HOUSTON (ICIS)--NYMEX WTI crude futures for November delivery settled at $70.97/bbl, down $2.20 on Thursday, in response to the weekly supply statistics from the Energy Information Administration (EIA) showing the third consecutive build in oil inventories. A substantial build at the inland Cushing, Oklahoma NYMEX delivery hub added to the bearish report.
Also weighing on the energy complex, global stock markets extended recent losses in response to the lack of investor confidence and expectations of more interest rate hikes from the US Federal Reserve.
In its monthly report, OPEC contributed to the bearish mood by reducing its forecast for global demand growth in 2019.
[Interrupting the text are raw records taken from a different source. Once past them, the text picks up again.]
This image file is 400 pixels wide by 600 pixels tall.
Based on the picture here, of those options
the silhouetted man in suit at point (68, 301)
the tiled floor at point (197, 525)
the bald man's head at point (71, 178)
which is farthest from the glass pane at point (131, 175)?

The market is still factoring in crude export losses in Iran as a result of Washington’s sanctions but the full impact will not be determined until after early November when the imposed sanctions take full effect.
US producers are beginning to restore operations in the Gulf of Mexico after oil and gas installations were evacuated ahead of Hurricane Michael that slammed in the Florida Panhandle. About 42 percent of oil production was shut-in
The November West Texas Intermediate (WTI) contract established a session low of $70.89/bbl, down $2.28, and extending the losses to $70.51/bbl in electronic trading afterwards.
December ICE Brent bottomed out at $80.20/bbl, and settled just off the bottom of the range at $80.26/bbl, down $2.83. Afterwards, the North Sea benchmark hit $79.80/bbl before attempting to rebound.
Both benchmarks are now approaching oversold territory and are in need of a correction.